Cobalt-rich ferromanganese crusts (CFCs) are potential future sources of strategic metals. This study presents textural and geochemical profiles of CFCs drill cores from KC-8 and KC-9, ~270 km apart within the Magellan Seamount cluster, Western Pacific. CFCs grew on different substrate rocks: calcareous conglomerate, calcareous rock, basaltic breccia, and basalt. Drill core sampling enables classification by substrate type with high spatial precision. Structural and geochemical analyses assess spatial and temporal variations in growth conditions and substrate influence. Four layers (1 to 4) with distinct textures and geochemistry are identified. Upper layers (1 and 2) show minimal phosphatization whereas lower layers (3 and 4) are intensely phosphatized. Under microscopic observation (scales of a few hundred µm), both upper layers (1 and 2) exhibit a stromatolite-like columnar growth pattern. In Layer 1, however, the columns are less distinct and occur over shorter intervals than in Layer 2. Layers 3–4 are chiefly laminated; in Layer 3, voids are infilled with carbonate fluorapatite (CFA), while in Layer 4, CFA occurs sporadically, aligned parallel to laminations or along fractures.

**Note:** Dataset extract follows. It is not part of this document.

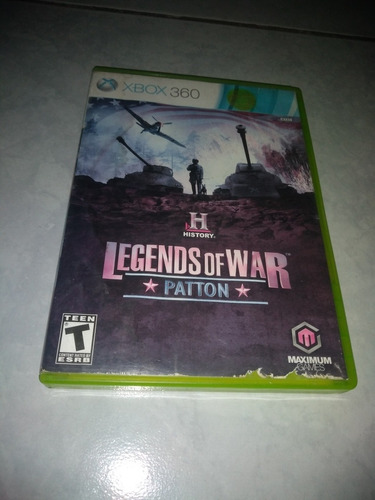 Xbox 360 Live Videojuego History Legends Of War Patton Origi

Across all four substrate types, CFCs exhibit broadly consistent depth-dependent geochemical profiles and enrichment/depletion patterns for major, minor, and trace elements, as well as consistent REE anomalies. Older phosphatized layers have higher Mn, lower Fe, and greater Ni, Zn, Mo, Cu, and REEs, while Co remains similar. Gd and Ce show persistent positive anomalies, while Y is positive in lower and negative in younger non-phosphatized layers. These trends reflect phosphatization in lower layers and increased input of detrital sediment during upper layer formation. Stratigraphic and geochemical data suggest that Magellan Seamount CFCs formed under regionally consistent elemental fluxes and phosphatization regardless of substrate, while local growth patterns such as crustal thickness and continuity were controlled chiefly by detrital sediment input and substrate stability or lithification.